Yakalama ve gözaltı sırasında şiddete maruz kalan bir kişi serbest bırakıldıktan hemen sonra ve derhal doktor raporu alıp, şiddete uğradığını kanıtlamalıdır. Doktor raporu dışında kişinin şiddete uğradığını kanıtlayan belge, fotoğraf veya video gibi herhangi bir kanıt varsa bunların sonraki yargı aşaması için saklanması gerekmektedir. Bu gibi olayların olması halinde olay yerini tam olarak aklınızda tutun, mobese kamera görüntüleri, plaka, kask numarası ve civardaki görgü şahitlerine ihtiyaç olacaktır. Cep telefonunuz veya fotoğraf makineniz ile olayın ses ve görüntülerini kaydedin. Yaralama veya ölüme sebep olan gaz fişeği veya benzeri bir malzemeye tesadüf edip delil olarak almak istediğinizde üzerindeki olası parmak izi veya genetik izlerin başkalarınınki ile karışmaması için doğrudan elinizle tutmayın, izlerin silinmemesine özen gösterin.
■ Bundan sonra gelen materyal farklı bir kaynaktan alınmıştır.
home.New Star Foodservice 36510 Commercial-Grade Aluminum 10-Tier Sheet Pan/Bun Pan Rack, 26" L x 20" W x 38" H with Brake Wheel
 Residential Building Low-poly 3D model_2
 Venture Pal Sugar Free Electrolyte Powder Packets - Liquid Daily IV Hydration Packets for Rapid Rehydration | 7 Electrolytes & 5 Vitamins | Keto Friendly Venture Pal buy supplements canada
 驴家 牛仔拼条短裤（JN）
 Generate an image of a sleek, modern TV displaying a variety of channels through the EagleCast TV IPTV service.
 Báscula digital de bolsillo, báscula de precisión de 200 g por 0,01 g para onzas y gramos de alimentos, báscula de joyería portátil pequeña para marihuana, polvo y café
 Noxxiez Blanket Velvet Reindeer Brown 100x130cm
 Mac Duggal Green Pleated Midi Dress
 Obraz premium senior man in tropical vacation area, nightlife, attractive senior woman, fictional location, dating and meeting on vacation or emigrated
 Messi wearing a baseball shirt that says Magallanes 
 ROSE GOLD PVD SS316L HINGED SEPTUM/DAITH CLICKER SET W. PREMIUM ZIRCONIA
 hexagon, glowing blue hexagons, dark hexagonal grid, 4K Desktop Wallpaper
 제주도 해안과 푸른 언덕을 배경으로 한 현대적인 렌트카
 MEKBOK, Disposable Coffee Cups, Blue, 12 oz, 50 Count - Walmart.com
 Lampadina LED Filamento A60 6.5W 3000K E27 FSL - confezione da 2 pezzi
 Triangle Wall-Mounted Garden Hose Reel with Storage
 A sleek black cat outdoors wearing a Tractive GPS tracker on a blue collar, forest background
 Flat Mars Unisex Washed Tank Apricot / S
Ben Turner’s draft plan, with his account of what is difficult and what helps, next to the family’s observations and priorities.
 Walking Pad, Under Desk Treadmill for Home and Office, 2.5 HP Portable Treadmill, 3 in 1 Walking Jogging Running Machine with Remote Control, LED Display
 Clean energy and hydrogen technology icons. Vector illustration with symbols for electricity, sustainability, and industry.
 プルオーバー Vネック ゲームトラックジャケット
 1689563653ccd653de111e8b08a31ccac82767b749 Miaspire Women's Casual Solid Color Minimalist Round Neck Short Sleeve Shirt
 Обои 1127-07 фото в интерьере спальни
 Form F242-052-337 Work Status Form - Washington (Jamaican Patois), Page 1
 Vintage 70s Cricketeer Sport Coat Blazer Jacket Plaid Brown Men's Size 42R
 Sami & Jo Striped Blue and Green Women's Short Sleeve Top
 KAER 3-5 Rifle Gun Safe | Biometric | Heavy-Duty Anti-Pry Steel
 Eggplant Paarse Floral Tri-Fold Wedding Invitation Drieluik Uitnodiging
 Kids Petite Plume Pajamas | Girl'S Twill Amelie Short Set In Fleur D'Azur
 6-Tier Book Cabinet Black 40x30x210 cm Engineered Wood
Yakalama sonrasında kötü muamele, darp, yaralama durumunun tespiti için resmi sağlık kuruluşuna götürülen kişi gözaltı süresi bitiminde de, gözaltı süresi boyunca kötü muamele, işkence, cebir, darp gibi muameleler görüp görmediğinin tespiti için, gözaltı süresinin bitimiyle tekrar Adli Tabipliğe götürülür.

Sağlık raporu, talep ettiğiniz bir hastaneden değil, resmi sağlık kuruluşlarından alınır. Yakalama veya gözaltı esnasında darp ve kötü muameleye uğramışsanız ve vücudunuzda buna bağlı olarak izler oluşmuş ise sağlık raporunda mutlaka belirtilmelidir. Hekim ile yalnız kalmanız ve muayenenin hekim hasta ilişkisi çerçevesinde yapılması esastır. Muayene sırasında gecikmeye neden olmamak kaydıyla, barodan talep ettiğiniz avukat da hazır bulunabilir. Sağlık raporundan bir nüsha tarafınıza verilmelidir. Vücudunuzda var olan darp izleri, morarmalar, kırıklar sağlık raporunda belirtilmemiş ise salıverilme durumunda istediğiniz özel ya da kamu sağlık kuruluşundan rapor almanızda fayda vardır. Bu belgeler yargı aşamasında önemli delil vasfı taşımaktadır.

Eğer haksız yere yakalanarak gözaltına alındıysanız, buna sebep olanlar hakkında şikayetçi olma ve tazminat davası açma hakkınız vardır. Ayrıca yakalama sırasında ve gözaltındayken şiddete uğradıysanız, işkence veya kötü muamele gördüyseniz bu nedenlerle Cumhuriyet Savcılıklarına ve mahkemelere başvurarak sorumluların cezalandırılmasını, maddi-manevi tazminat ödemelerine karar verilmesini talep edebilirsiniz. Bu davaları idare mahkemelerinde idari kurumların "hizmet kusuru" nedeniyle tazminat davası olarak açabileceğiniz gibi,  sorumluların cezalandırılmaları için Cumhuriyet Savcılıklarına şikayette bulunabilir, adli yargıda tazminat davası açabilirsiniz.